December 13, 2011 at 8:27 am
Hi Gurus,
I would like to have your advice on the following "idea"...
Background:
In order to ease the understanding, let's consider a site dedicated to house renting for example.
Owners would define their house characteristics like (price, location, environment...).
In order to enter all data, the owner is invited to use dropdown lists for some special fields (environment, house type, ...).
Some characteristics are mandatory, some others are not. Also, the owner can enter description as free text.

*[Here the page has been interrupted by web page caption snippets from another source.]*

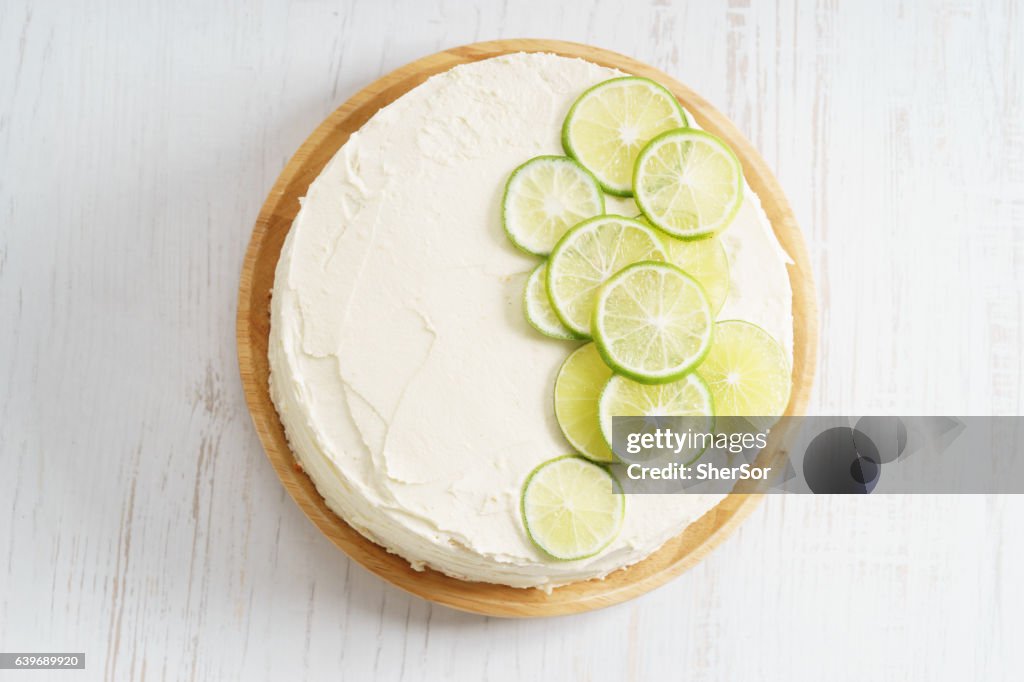 Sweet white buttercream cake with sliced lime on top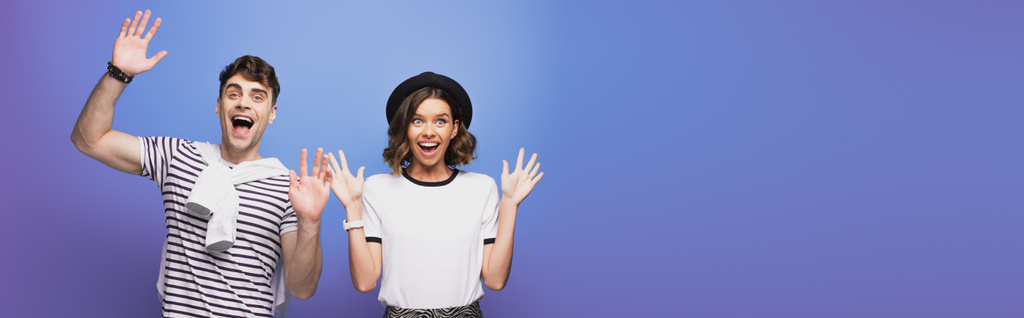 panoramic shot of excited man and woman waving hand and smiling at camera on blue background - Photo, Image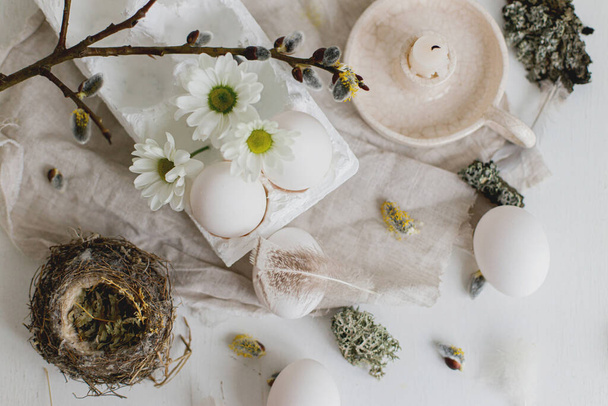 Natural easter eggs, feathers, willow branches, nest and candle on rustic white table flat lay. Stylish rural Easter still life in pastel white and beige colors. Modern simple aesthetics - 写真・画像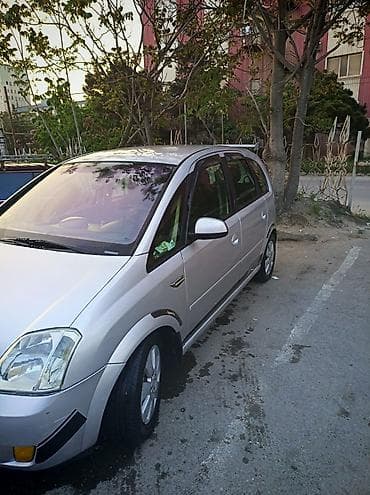 jeep fara: Opel Meriva, gümüşü rəng, 5 qapı, şəhər və ailə istifadəsi üçün rahat — 4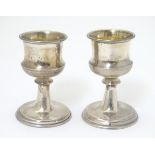 A pair of silver pedestal egg cups with gilded interiors.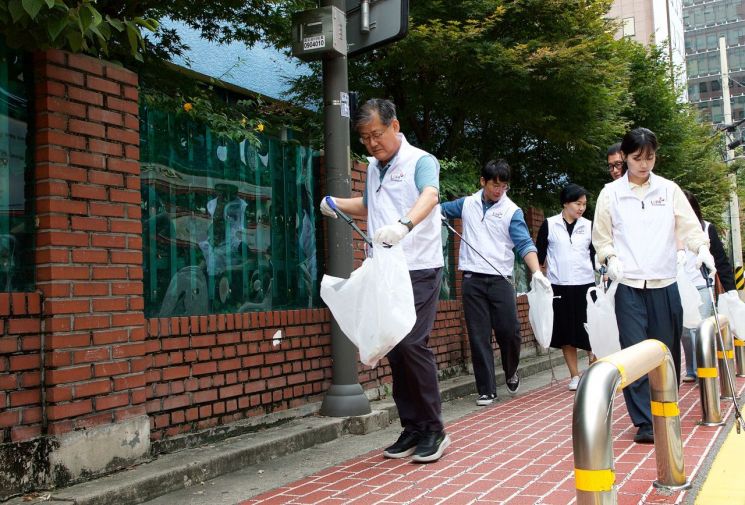 정선용 한국지방재정공제회 이사장과 재정공제회 직원들이 지난 19일 서울 마포 초등학교 앞 보행로에서 환경정화 활동을 펼치고 있다. 한국지방재정공제회 제공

In order to record a house entry, I use one dedicated table (called tbl_houses) which makes links to other tables (list of characteristics).
Also free text as well as "translated characteristics" are stored in a table called tbl_description.
Objectives:
I want to let users the possibility to query the database as follows:
* they can fill in any criteria (linked to house characteristics) but they are not obliged to
* they can enter some keywords at the same time.
Situation:
Everything works ok today except that once a characteristics is set by the user and does not correspond to data previously entered by the owner, records are not retrieved,
which is normal.
Ideas:
I would like to give a score to criteria matching and sort the results by score descending.
In other words, let's take an example:
tbl_houses:
house_idbigint identity(1,1),
owner_idbigint,-- refers to tbl_owners
data_0int,
data_1int,
data_2int
tbl_description:
description_idbigint identity(1,1),
house_idbigint, -- refers to tbl_houses
description_textvarbinary(MAX)-- stores the descriptions in HTML format due to other constraints I have, as multilinguism
Today, queries are dynamically built, based on the query criteria entered by the users but they are of the following format:
SELECT H.house_id, O.owner_name, H.data_0, H.data_1, H.data_2
FROM tbl_houses H
INNER JOIN tbl_owners O ON H.owner_id = O.owner_id
INNER JOIN (
SELECT DISTINCT TD.house_id
FROM tbl_description TD
INNER JOIN CONTAINSTABLE(dbo.tbl_description, [description_text], @freetext) AS ftt
ON TD.description_id = ftt.
) S
ON H.house_id = S.house_id
WHERE
H.data_0 = @data_0_value
AND
H.data_1 = @data_1_value;
Ideal objective:
I would like the query to return the "top ranked" results at first, followed by "lower ranked" ones.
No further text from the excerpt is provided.